= Beginning of Section =
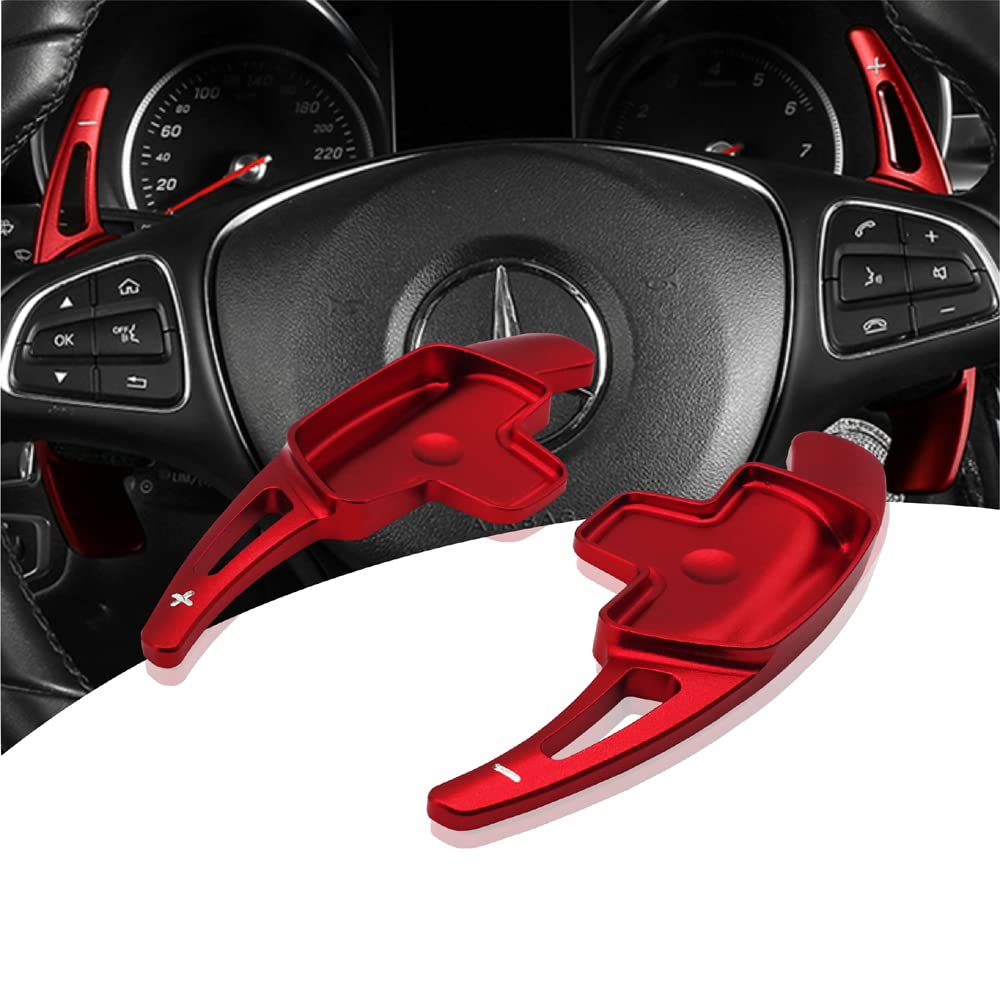 NYZAUTO Aluminum-Alloy Steering Wheel Paddle Shifter Extension for Mercedes Benz A/B/C/CLA/CLS/E/G/GL/GLA/GLC/GLE/GLS/Metris/S/SL/SLC Class (Model B-Red) - Enhance Driving Performance & Sporty Feel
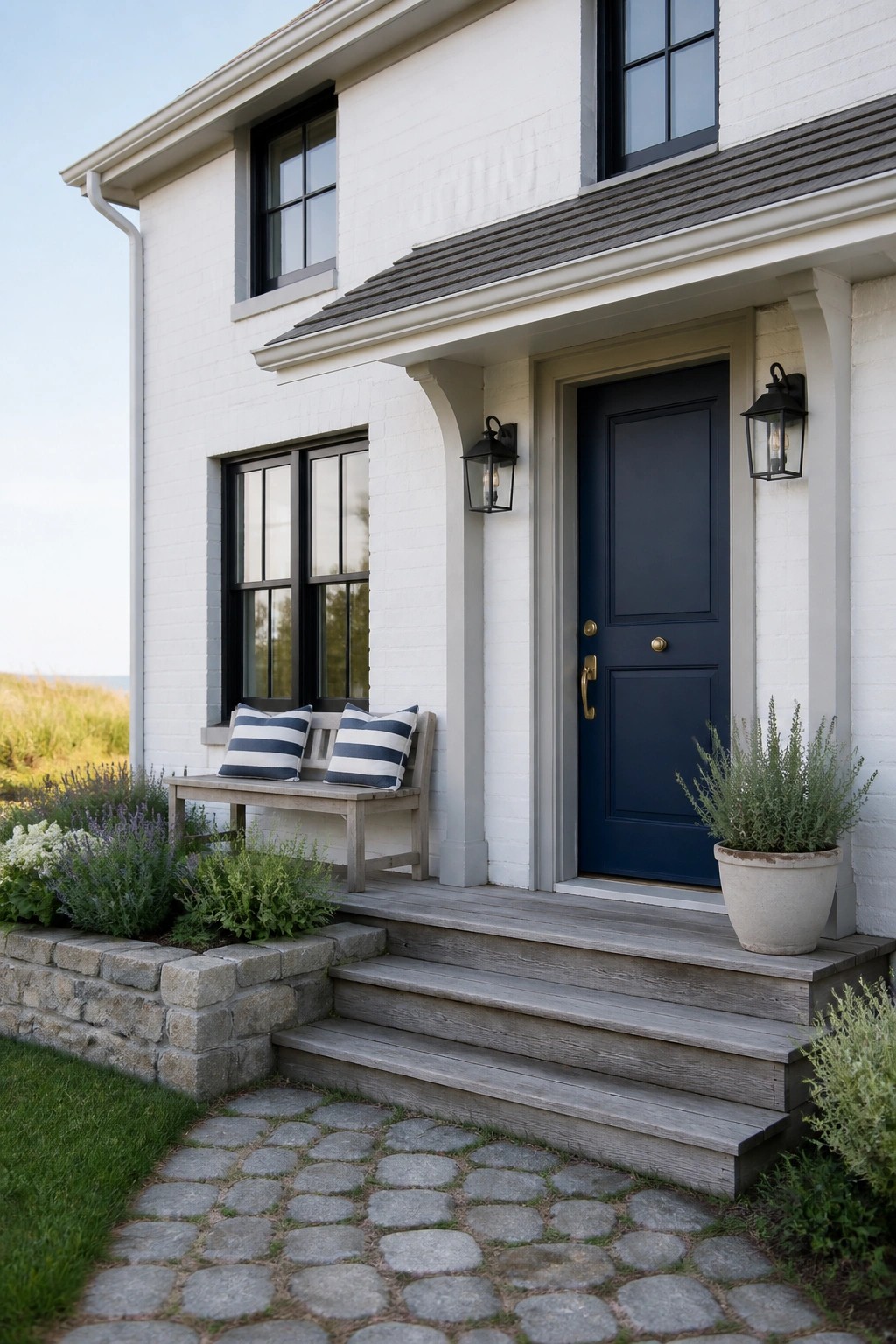 A white painted brick modern farmhouse exterior with a navy front door.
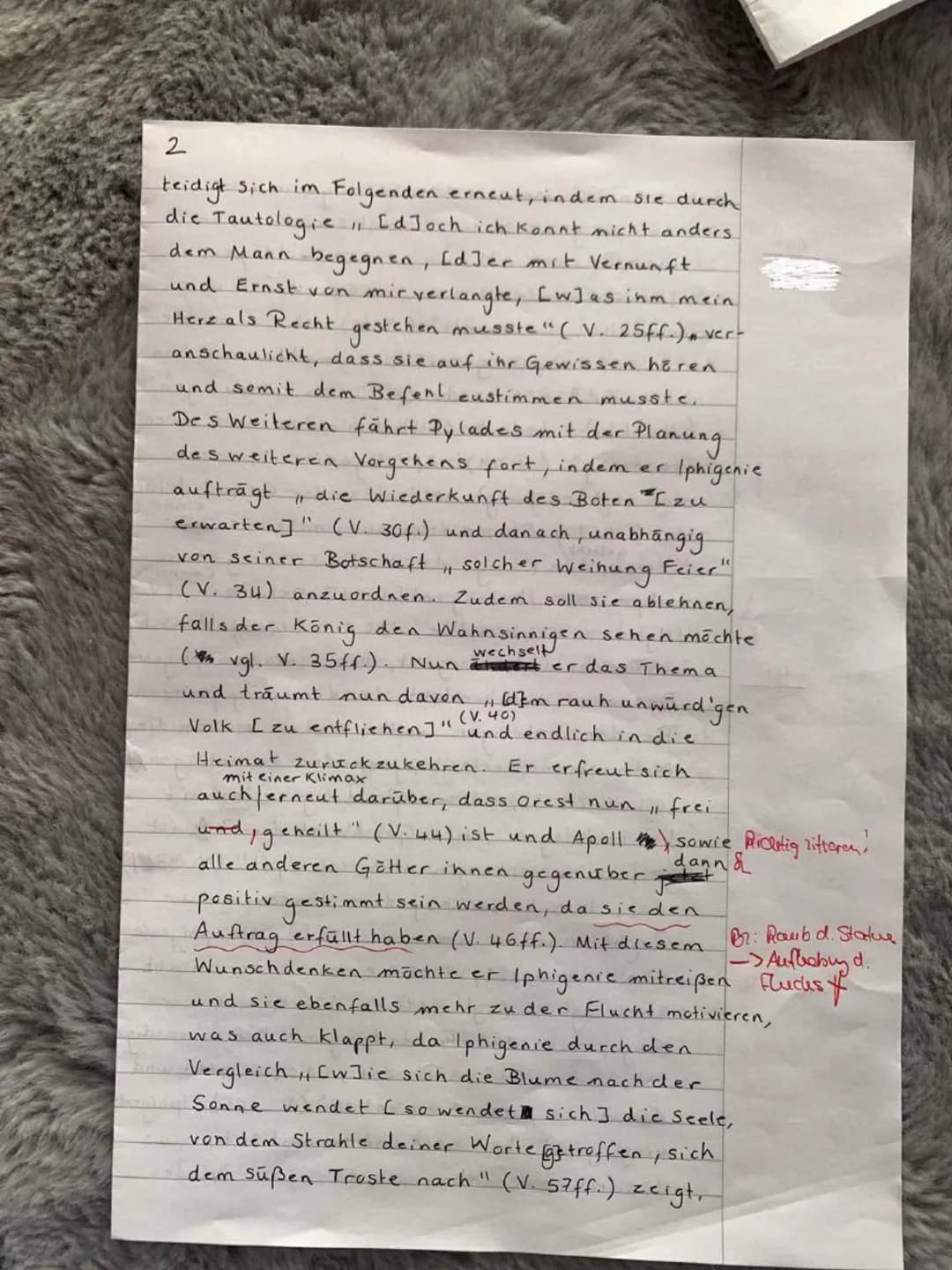 1
10
15
20
25
Aufgabenstellung:
a) Erschließen Sie den folgenden Auszug aus Johann Wolfgang von Goethes
Drama ,,Iphigenie auf Tauris" (1786/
= End of Section =
Exercise aim >> Each entry above must be repeated word for word, minus its images.

Exercise answer >>
 NYZAUTO Aluminum-Alloy Steering Wheel Paddle Shifter Extension for Mercedes Benz A/B/C/CLA/CLS/E/G/GL/GLA/GLC/GLE/GLS/Metris/S/SL/SLC Class (Model B-Red) - Enhance Driving Performance & Sporty Feel
 A white painted brick modern farmhouse exterior with a navy front door.
 1
10
15
20
25
Aufgabenstellung:
a) Erschließen Sie den folgenden Auszug aus Johann Wolfgang von Goethes
Drama ,,Iphigenie auf Tauris" (1786/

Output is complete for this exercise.